Neurobiologie

Feminines Gesicht macht Politikerinnen erfolgreicher

Studie zeigt Einfluss der Gesichtszüge auf Wahlentscheidungen

Besonders feminine Gesichtszüge verleihen Politikerinnen bessere Chancen auf den Wahlsieg. © freeimages

Steht politische Kompetenz ins Gesicht geschrieben? Zumindest verschafft ein besonders feminines Aussehen Politikerinnen mehr Wählerstimmen, wie US-Wissenschaftler herausgefunden haben. Sind ihre Gesichtszüge dagegen eher maskulin, haben Frauen weniger Aussicht auf den Wahlsieg. Besonders stark ausgeprägt sei dieser Effekt in konservativen Staaten, berichten die Forscher im Journal „Social Psychological and Personality Science“.

Gesichter werden von unserem Gehirn enorm schnell verarbeitet und bewertet. Innerhalb von Millisekunden nachdem wir ein Gesicht wahrnehmen, entsteht ein erster Eindruck über Dinge wie Attraktivität oder Verwandtschaftsverhältnisse. Bereits subtile Kleinigkeiten können diese Wertung drastisch beeinflussen: Gesichter mit untypischen Geschlechtsmerkmalen, etwa besonders maskulin erscheinende Gesichter von Frauen, stellen das Gehirn vor einen Moment der Unsicherheit, der sich auch auf weitere Entscheidungen auswirkt.

Für Politikerinnen hat dieser Effekt offenbar weitreichende Folgen: Einer Studie unter der Leitung von Jon Freeman vom Dartmouth College in den USA zufolge haben weibliche Kandidaten besser Chancen bei Wahlen, wenn ihre Gesichtszüge besonders feminin sind.

Bewertung ohne politischen Hintergrund

Für ihre Studie zeigten die Wissenschaftler mehr als 300 Studienteilnehmern Bilder der Kandidaten von US-amerikanischen Kongress- und Gouverneurswahlen aus den Jahren 1998 bis 2010. Etwa ein Zehntel der Teilnehmer waren Studenten des Dartmouth College. Der weitaus größere Teil waren Menschen aus dem gesamten Staatsgebiet der USA, die sich an einer Online-Version des Experiments beteiligten. Zunächst sollten die Studienteilnehmer die Gesichter so schnell wie möglich als weiblich oder männlich bewerten. Anschließend sollten sie angeben, ob sie der gezeigten Person ihre Stimme geben würden oder nicht – lediglich anhand des Gesichts, ohne jedes weitere Hintergrundwissen.

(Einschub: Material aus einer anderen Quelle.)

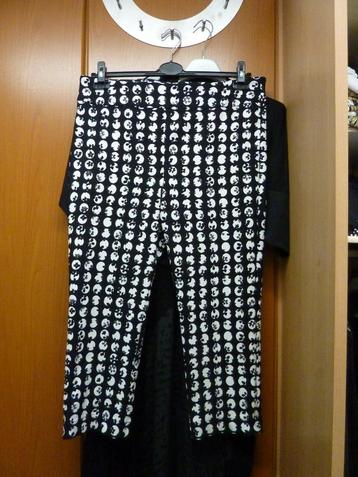Ribkoff 7/8 broek Nieuw maat 46 beschikbaar voor biedingen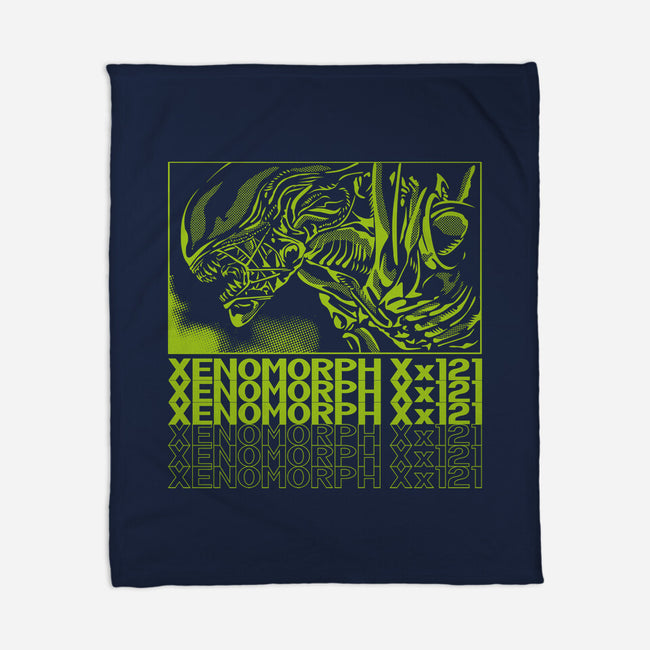 XENO XX121-None-Fleece-Blanket-arace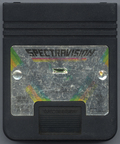 Media (Cartridge) - Front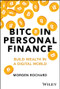 Bitcoin Personal Finance by Morgen Rochard, 9781394394050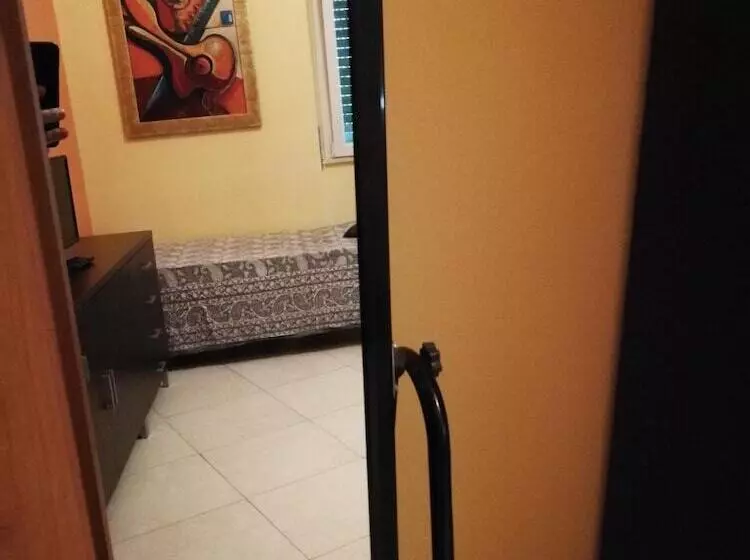 پانسیون Ethos Rooms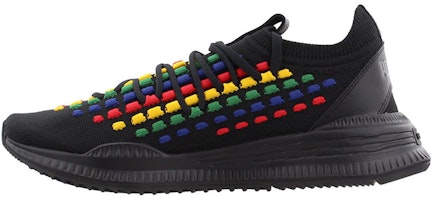 Fashion Geek x Puma AVID Fusefit 'Multicolor' 372372-01 Fashion Geek x Puma AVID Fusefit 'Multicolor' 372372-01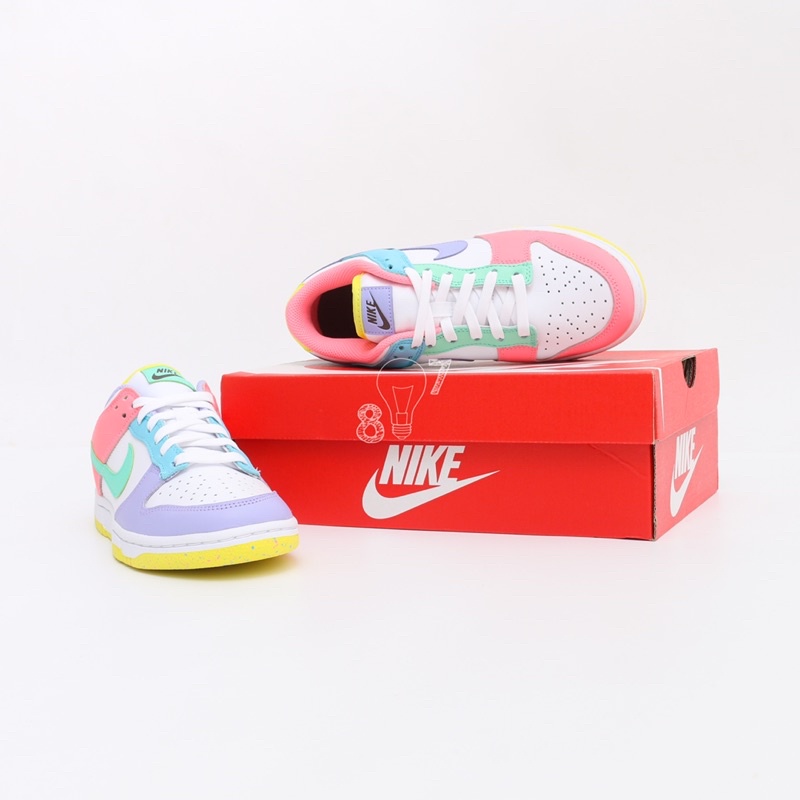 Dunk Low Easter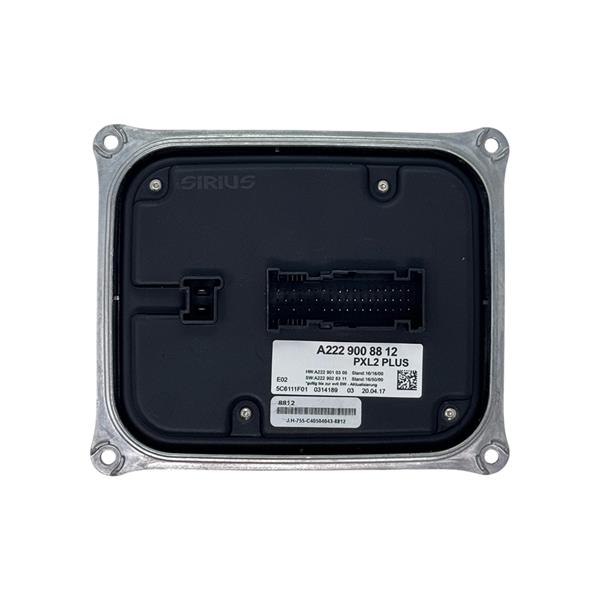 LED Module compatibile with Mercedes (L/R) OEN A2229008812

Das Ergebnis war eindeutig: Je femininer das Gesicht einer Frau erscheint, desto mehr Stimmen erhielt sie. Nahm die Mehrzahl der Teilnehmer dagegen eher maskuline Merkmale in ihrem Gesicht wahr, so hatte sie schlechte Karten bei dieser Wahl. Der Grund dafür liegt in der „subtilen Unsicherheit bei der ersten Bewertung des Geschlechts eines Gesichts“, erklärt Freeman. Diese Unsicherheit aufgrund von männlichen oder fehlenden weiblichen Merkmalen im Gesicht einer Frau beeinflusst die Wahlentscheidung. Anhand der Mausbewegungen der Teilnehmer am Computer fanden die Wissenschaftler heraus, dass dieser Moment der Entscheidungsfindung nur bis zu 380 Millisekunden dauert.

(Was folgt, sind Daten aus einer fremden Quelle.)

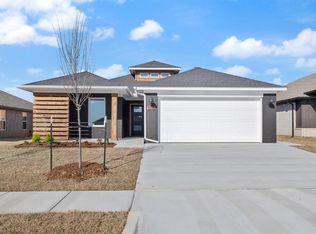 3716 Alta Vista Dr, Norman, OK 73069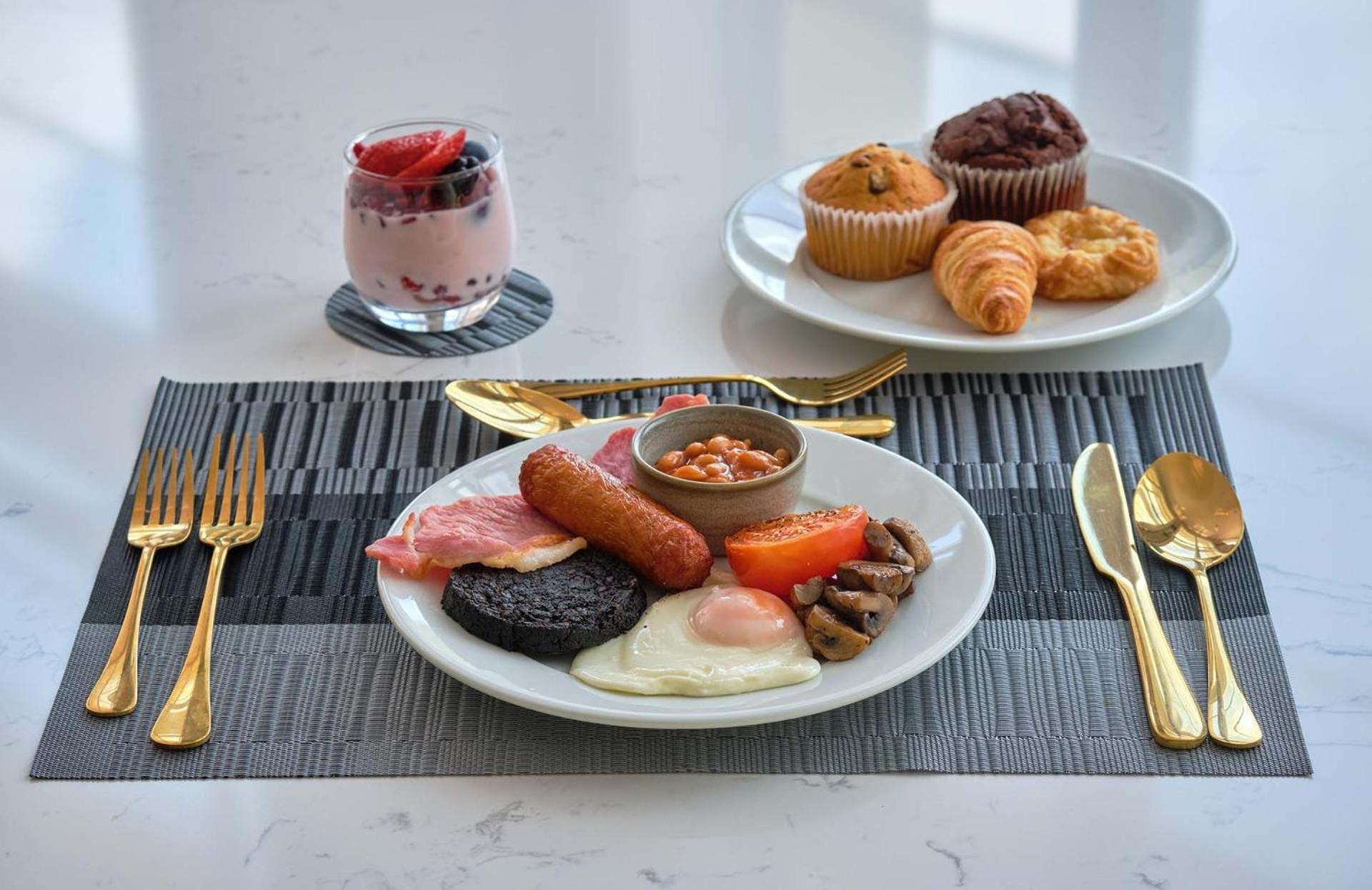 Muthu Oban Regent Hotel Dış mekan fotoğraf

Konservative Geschlechterrollen verstärken Unsicherheit

Besonders interessant: In mehrheitlich konservativen US-Staaten waren die ungleichen Bewertungsmaßstäbe besonders ausgeprägt. Die Wissenschaftler interpretieren dies mit dem dort verbreiteten typisch-konservativen Rollenbild: Führungsstärke gilt dort als männliche Qualität und Unsicherheiten zwischen herrschenden Geschlechterrollen werden weniger akzeptiert, wie Studienautor Eric Hehman erläutert. Er fügt hinzu: „Frühere Forschungsergebnisse deuten dagegen daraufhin, dass Liberale eher eine größere Toleranz gegenüber Unsicherheiten zeigen.“

Die exakten Folgen dieses Unterschieds zwischen Konservativen und Liberalen für Politikerinnen sind nur schwer vorherzusagen. Doch das Experiment zeigt: Während zwar ein Supermodel nicht zwangsläufig allein aufgrund ihres Erscheinungsbilds ins Weiße Haus einziehen wird, so kann dennoch das Aussehen einer Politikerin ihren Wahlerfolg entscheidend beeinflussen.